Stored entries:
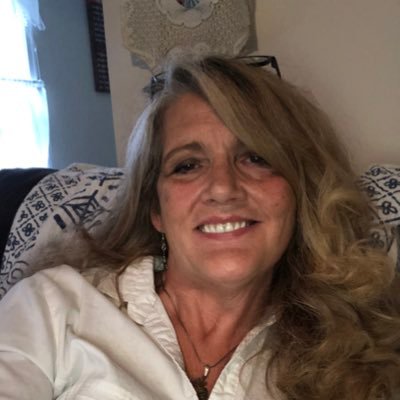 Living with MS. Mother to 2 girls and 2 boys. Grandma to 5 boys and 1 girl. #wehaveMS. Note: Scammers don’t even pm me! if you do I’ll block you 😂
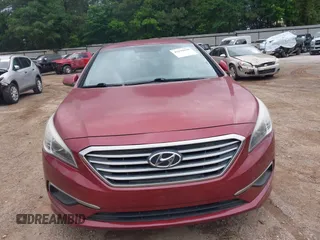 2016 Hyundai Sonata SE with VIN 5NPE24AFXGH424650, listed as a IAAI auction lot 42192639 with 126,632 mi miles and . Bid and sale history available at carsss.com. Image 6.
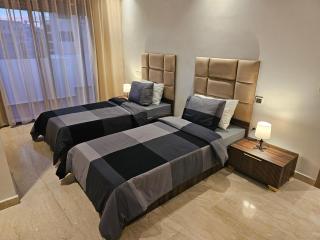 Luxury Living 3 Bedroom Apartment with Garden Terrace and Private Balcony - Casablanca - 6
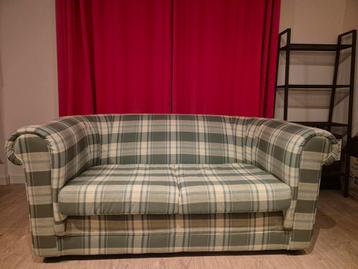 Gratis af te halen: Geruite 2-zits stoffen bank
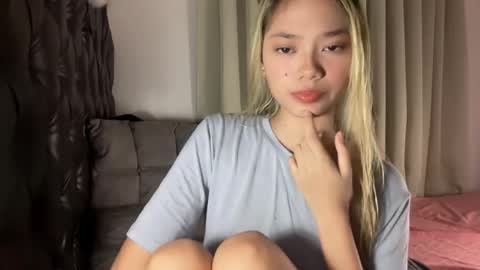Snapshot of pretty_chikana chatting on March 2026 01:34:02 AM Chikana online show from March 2026 01:34:02 AM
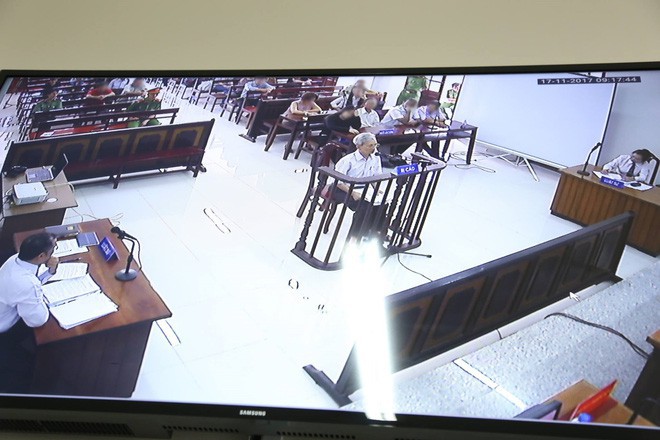 T&ograve;a tuy&ecirc;n &aacute;n 3 năm t&ugrave; về tội D&acirc;m &ocirc; đối với trẻ em, bị c&aacute;o 77 tuổi h&eacute;t lớn: T&ocirc;i phản đối! - Ảnh 4.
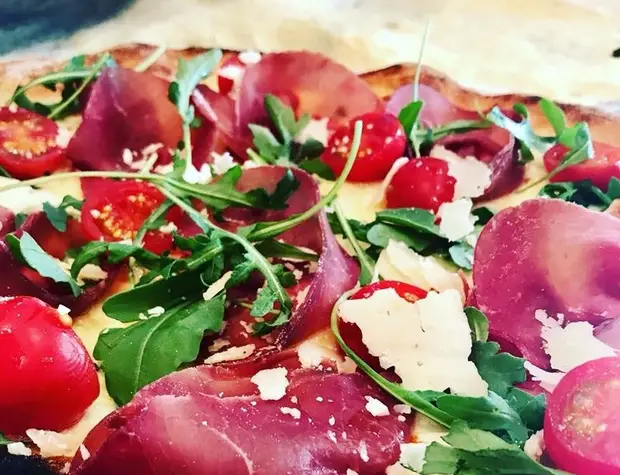 15 Restaurants Where You Can Eat Amazing Pizzas in Paris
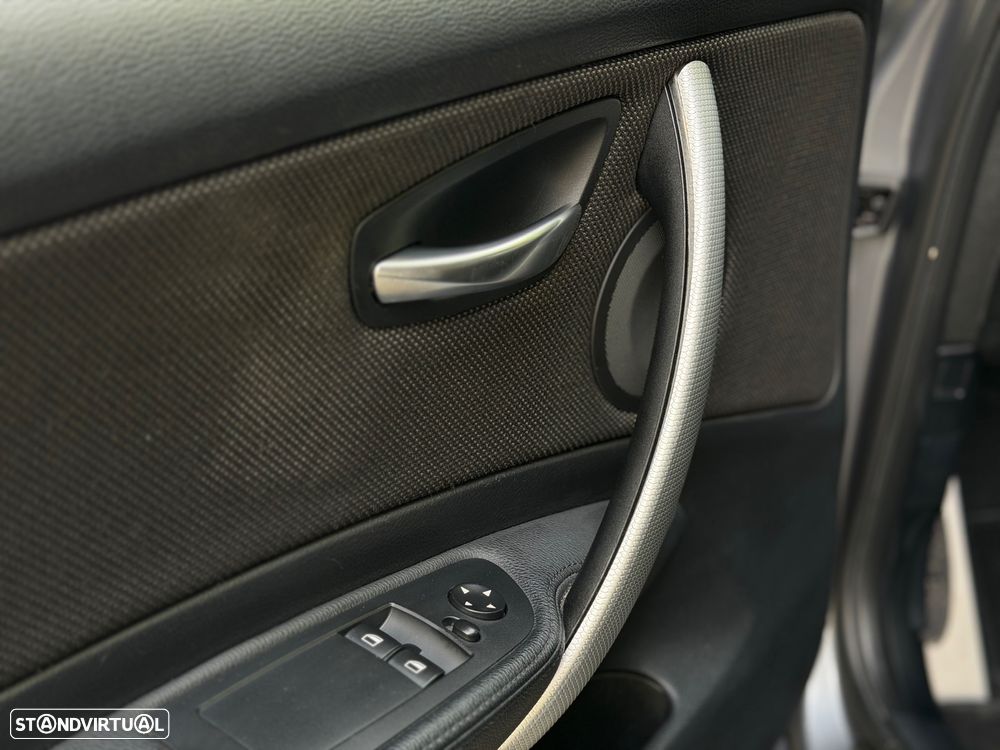 BMW 123 d DPF Aut. Edition Sport - 11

__Task requirements__
Across all the lines above, repeat the wording exactly and omit the pictures.

__Output of the exercise__
 Living with MS. Mother to 2 girls and 2 boys. Grandma to 5 boys and 1 girl. #wehaveMS. Note: Scammers don’t even pm me! if you do I’ll block you 😂
 2016 Hyundai Sonata SE with VIN 5NPE24AFXGH424650, listed as a IAAI auction lot 42192639 with 126,632 mi miles and . Bid and sale history available at carsss.com. Image 6.
 Luxury Living 3 Bedroom Apartment with Garden Terrace and Private Balcony - Casablanca - 6
 Gratis af te halen: Geruite 2-zits stoffen bank
Snapshot of pretty_chikana chatting on March 2026 01:34:02 AM Chikana online show from March 2026 01:34:02 AM
 T&ograve;a tuy&ecirc;n &aacute;n 3 năm t&ugrave; về tội D&acirc;m &ocirc; đối với trẻ em, bị c&aacute;o 77 tuổi h&eacute;t lớn: T&ocirc;i phản đối! - Ảnh 4.
 15 Restaurants Where You Can Eat Amazing Pizzas in Paris
 BMW 123 d DPF Aut. Edition Sport - 11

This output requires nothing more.